When we moved into the Maison d'Estella two weeks ago I tried to tell Philip I actually
liked
the house – not least because it had presences. I mentioned the people walking through the rooms.

‘Ghosts?' he said. ‘Sweetheart! You are so funny. Imagination getting the better of you again!' Then he smiled in that special inward way he has, complimenting himself on his tact with this woman whom he loves, but who is rather inconveniently crazy. What he first thought charming he now finds wearying.

And now today as we splash our way through the traffic across the bridge and up into the old town, he scoffs at my tale of the red-headed boy. ‘I was there at the landing, sweetheart!
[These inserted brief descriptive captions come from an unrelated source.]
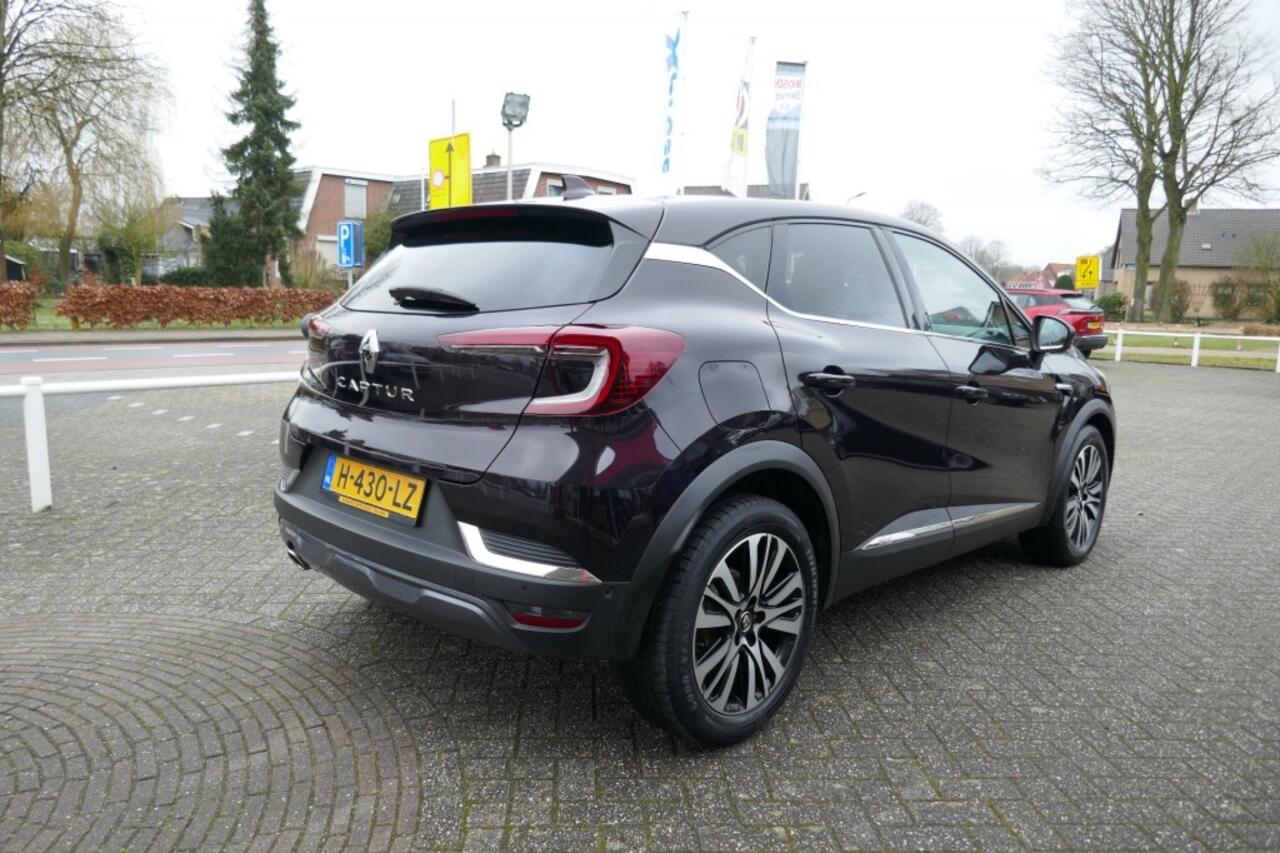 Renault CAPTUR 1.3 TCE INITIALE PARIS 154 PK ELEKTR/SCHUIFDAK / CAMERA 360 / LEDER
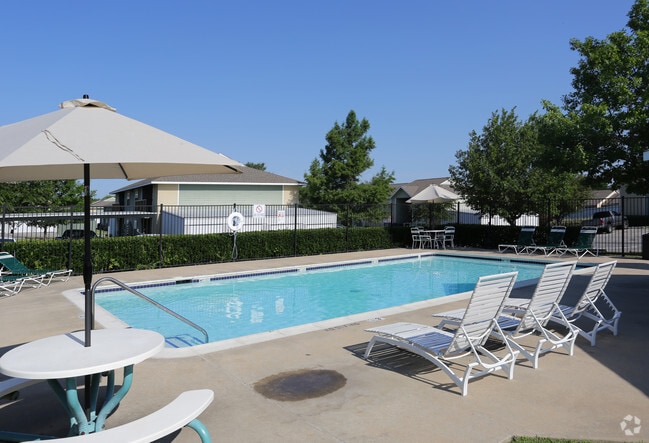 Photo - Country Village Apartments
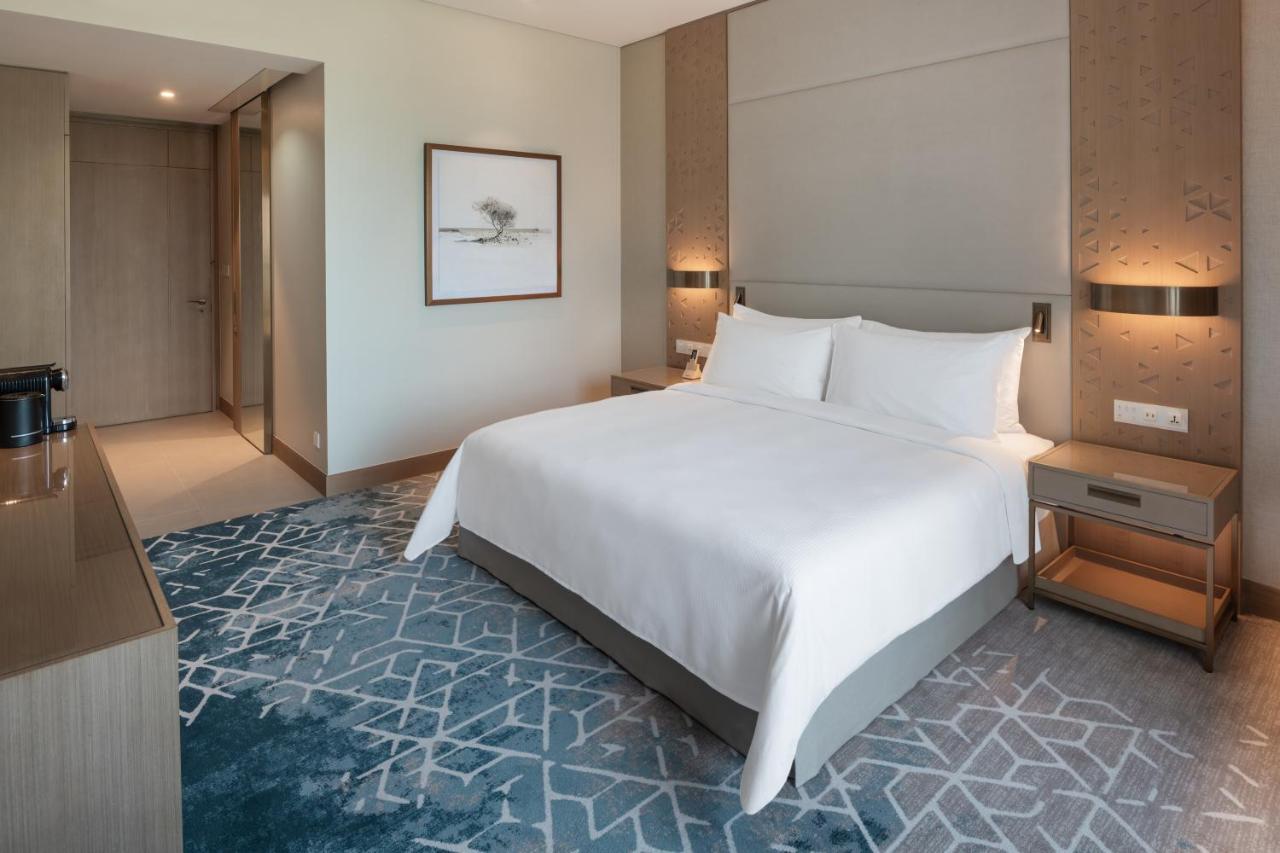 Palace Beach Resort Φουτζάυρα Εξωτερικό φωτογραφία A bedroom at the hotel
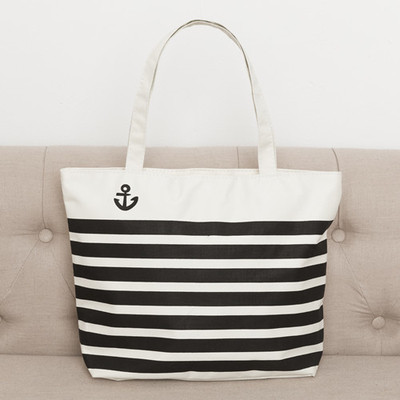 Κυρίες τσάντα σε διάφορα μοντέλα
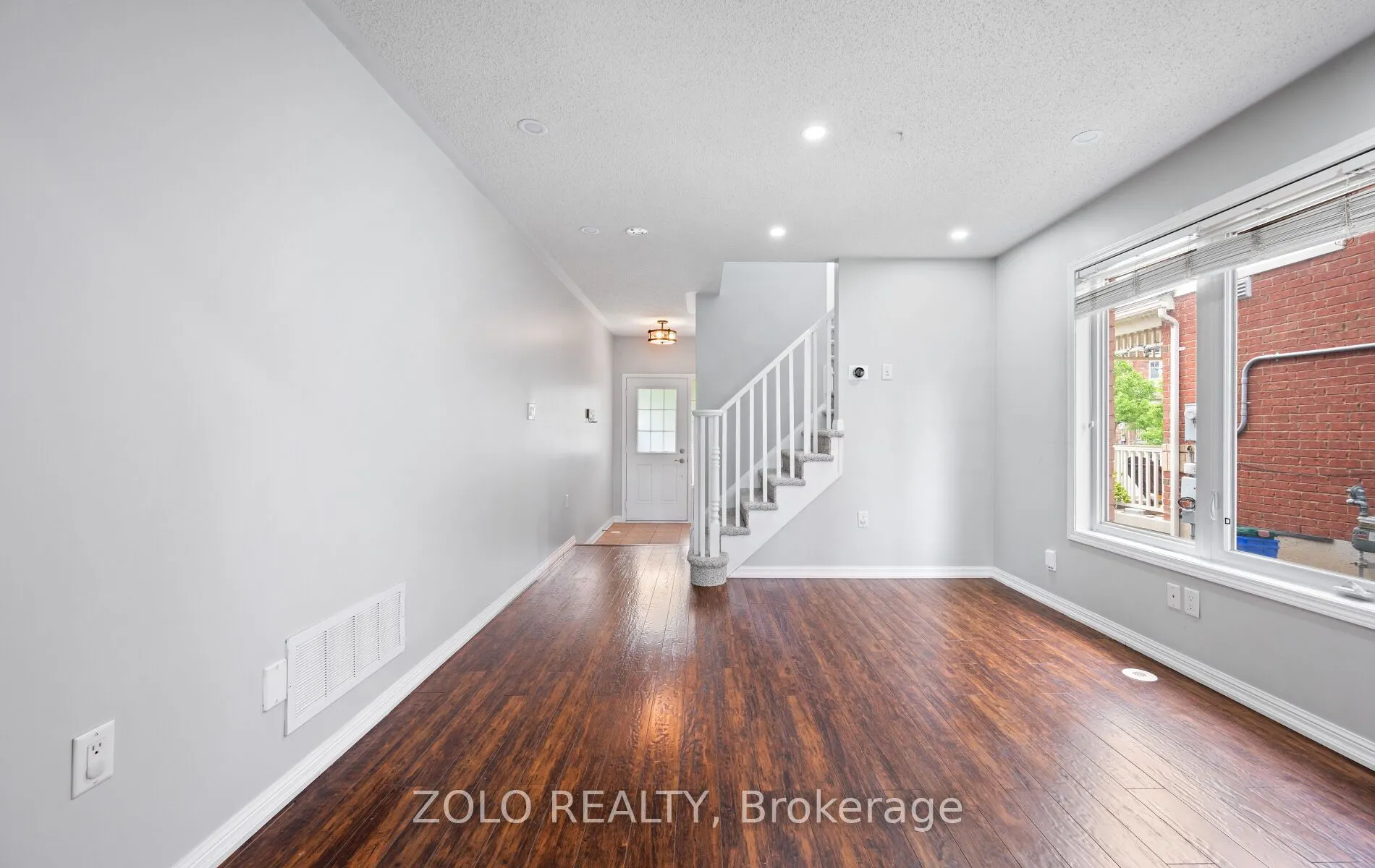 705 Rayner Court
No saturated boy, no man with a black book got off the boat! I assure you.'

But there was. The people on the boat cheered the boy's safe emergence from the water. The woman nudged the man. I
saw
them.

And I've seen the boy since. Walking on top of the town wall, and then in the alleyway behind the Promenade, legs astride, standing upright on the pedals of his mountain bike.

Now I'm getting ahead of myself. First I must go home to the Maison d'Estella and greet my guests.

EIGHT
Entertaining Mae

I
look up at the old door, a solid and safe haven even after living here only two weeks. As usual Philip struggles with the key. The door is massive – heavy hinged, peeling and weathered with time. I stand for a second out in the narrow alley and reflect how the house has grown on me. I've felt safe in this house, roaming the rooms at night, standing on the terrace after Philip has gone to sleep, looking across the shadowy, eternally crimped roofs to the black mass of the cathedral and then – always, always – on up into the sky, dense as blue-black ink. Virgo is so alluring, so seductive that I feel I can put up a hand and very nearly touch the constellation. Some nights I come down from there making my way down the wooden staircases to the courtyard where I lie on the ground and look up through the cupped hand of the old building into the night sky. As I've said sometimes I do this in my sleep and end up in the courtyard still unconscious, which rather upsets Philip.

Today we open the door to the sounds of Norah Jones singing ‘Feelin' the Same Way' and to the sight of Mae dancing around the courtyard, a glass in her hand. Her husband Billy is at the wooden garden table, the
Observer
close beside him and a beer beside his hand. The geraniums are nodding in their pots. Surfboards and beach chairs are tumbling from the space under the grand
escalier
which leads to nowhere.

‘Stella!' Mae puts down her glass and flies across to me. I hold myself stiff as she hugs me to her. Her body feels like a bunch of sticks. She smells of Coco by Chanel, of cigarettes and of that stuff people use to dispel the smell of cigarettes. I must smell of . . . what? The air? Wine? The garlic in the
cassoulet
that Philip made last night? Misery? What does misery smell like? In my experience we all smell of our feelings – right through from desperation to elation, unhappiness to euphoria. This fact used to help me a lot when I used to do personal readings. People would clap their hands at my insight and say ‘How did you know? How did you
know
?'

Mae strokes my upper arm. ‘Phil was saying you've been down the canal on a boat. I don't know how you could do that, me! Go on a canal in this foreign place, among strangers. You might catch something.' She hugs me tighter – wanting, I know, to say more than that, to call up our early days, before she was thin and before I was crazy. In my head I can hear Mae say it. ‘Things were so much simpler then, Starr.'

Her accent has smoothed off through the years, evolving into that middle-England speak that echoes a person's home region but has rounded itself out, become more distinct, more articulated. It happens to us all, I suppose.